### Work to be completed
What you write should match, word for word, the lines from the one containing "Sell 3-room apartment." through the end of the data, with no pictures.

### Data extract
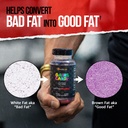 alpha-lion-gains-candy-supplement-pills--6.jpg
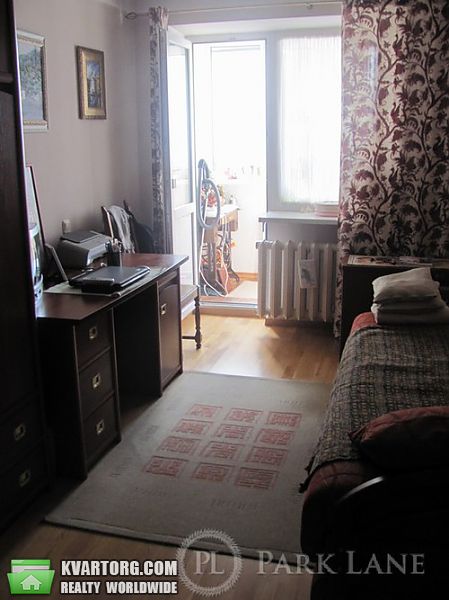 Sell 3-room apartment. Киев, Малышко — photo 5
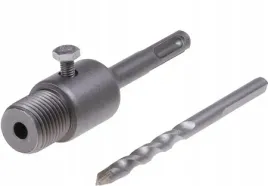 adapter-sds-plus-na-wiertlo-7mm-zestaw-przejsciowka-z-wiertlem-przedluzka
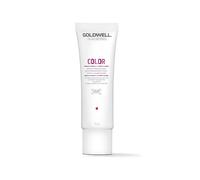Traitement Cheveux Colorés GOLDWELL DS Color Repair & Radiance Balm 75ml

### Solution for this exercise
 Sell 3-room apartment. Киев, Малышко — photo 5
 adapter-sds-plus-na-wiertlo-7mm-zestaw-przejsciowka-z-wiertlem-przedluzka
Traitement Cheveux Colorés GOLDWELL DS Color Repair & Radiance Balm 75ml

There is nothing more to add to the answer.